Activity. Retype the listing below line for line, but only from the line with "浅黄色短袖polo衫展示" down to the line with "The master throws", inclusive. Pictures stay out.

Data provided.
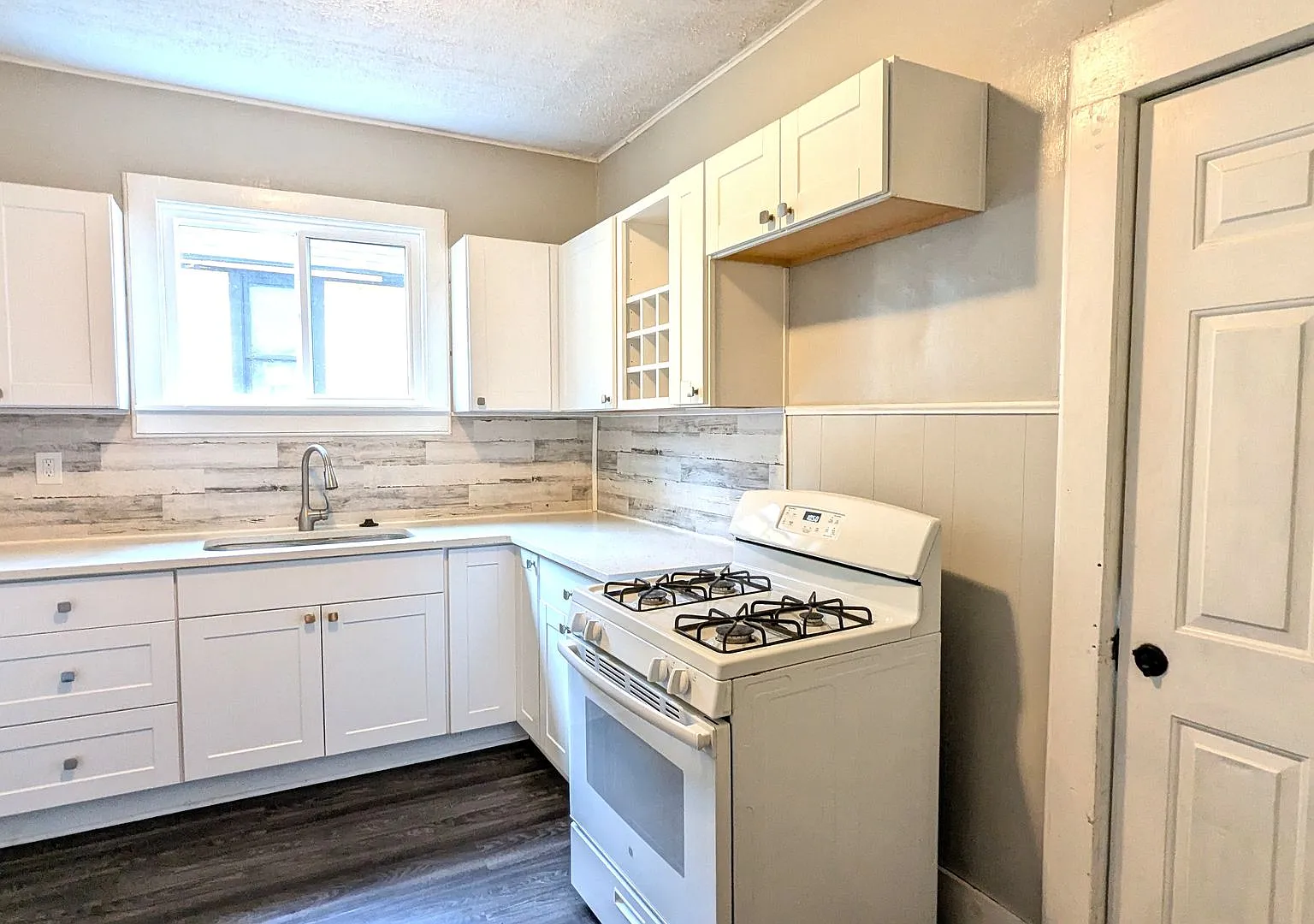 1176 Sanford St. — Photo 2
---
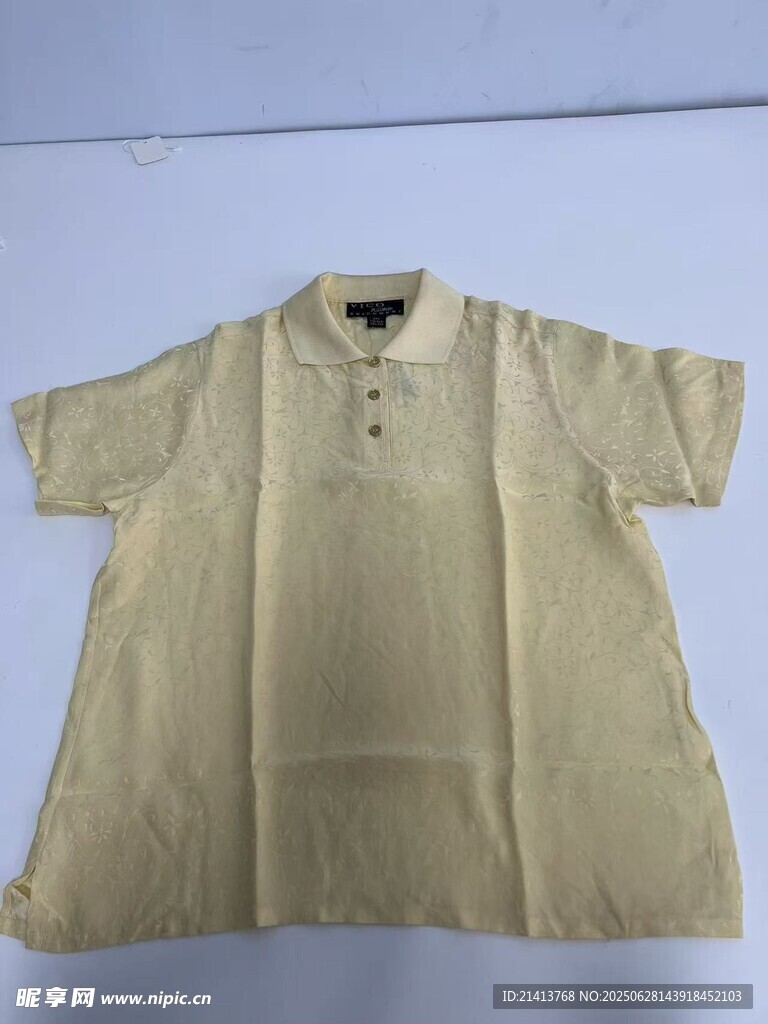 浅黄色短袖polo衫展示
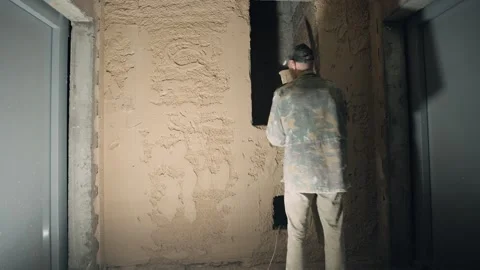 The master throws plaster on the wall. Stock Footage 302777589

Written solution.
 浅黄色短袖polo衫展示
 The master throws plaster on the wall. Stock Footage 302777589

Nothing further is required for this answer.